Segment Start: EXERCISE INPUT

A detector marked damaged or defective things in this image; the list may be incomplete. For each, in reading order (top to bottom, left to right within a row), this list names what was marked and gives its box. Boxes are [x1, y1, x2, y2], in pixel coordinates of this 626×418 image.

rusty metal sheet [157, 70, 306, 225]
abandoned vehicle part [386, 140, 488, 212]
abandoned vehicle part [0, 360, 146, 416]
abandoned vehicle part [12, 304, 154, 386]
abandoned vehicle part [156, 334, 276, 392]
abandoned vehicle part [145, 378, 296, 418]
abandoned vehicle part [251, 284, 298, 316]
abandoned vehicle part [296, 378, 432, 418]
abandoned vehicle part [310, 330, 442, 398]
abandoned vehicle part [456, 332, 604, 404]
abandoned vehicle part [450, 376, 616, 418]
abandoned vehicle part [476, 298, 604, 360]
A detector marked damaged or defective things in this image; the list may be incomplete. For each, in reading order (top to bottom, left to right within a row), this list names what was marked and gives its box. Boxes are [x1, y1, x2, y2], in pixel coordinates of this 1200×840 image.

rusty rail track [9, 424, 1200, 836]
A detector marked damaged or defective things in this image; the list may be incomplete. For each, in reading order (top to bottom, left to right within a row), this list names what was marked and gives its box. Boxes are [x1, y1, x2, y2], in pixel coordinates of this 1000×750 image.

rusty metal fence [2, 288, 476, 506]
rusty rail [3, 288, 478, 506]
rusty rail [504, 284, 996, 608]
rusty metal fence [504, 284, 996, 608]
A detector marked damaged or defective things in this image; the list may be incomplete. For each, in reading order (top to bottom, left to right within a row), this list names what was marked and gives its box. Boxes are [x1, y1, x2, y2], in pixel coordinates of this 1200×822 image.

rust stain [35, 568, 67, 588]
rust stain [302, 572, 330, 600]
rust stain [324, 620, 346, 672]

Segment End: EXERCISE INPUT

> **YOUR GOAL**
Write out the lines above from the one containing "this 1000×750 image." through the last, exactly as they are.

> **EXERCISE RESULT**
A detector marked damaged or defective things in this image; the list may be incomplete. For each, in reading order (top to bottom, left to right within a row), this list names what was marked and gives its box. Boxes are [x1, y1, x2, y2], in pixel coordinates of this 1000×750 image.

rusty metal fence [2, 288, 476, 506]
rusty rail [3, 288, 478, 506]
rusty rail [504, 284, 996, 608]
rusty metal fence [504, 284, 996, 608]
A detector marked damaged or defective things in this image; the list may be incomplete. For each, in reading order (top to bottom, left to right within a row), this list names what was marked and gives its box. Boxes are [x1, y1, x2, y2], in pixel coordinates of this 1200×822 image.

rust stain [35, 568, 67, 588]
rust stain [302, 572, 330, 600]
rust stain [324, 620, 346, 672]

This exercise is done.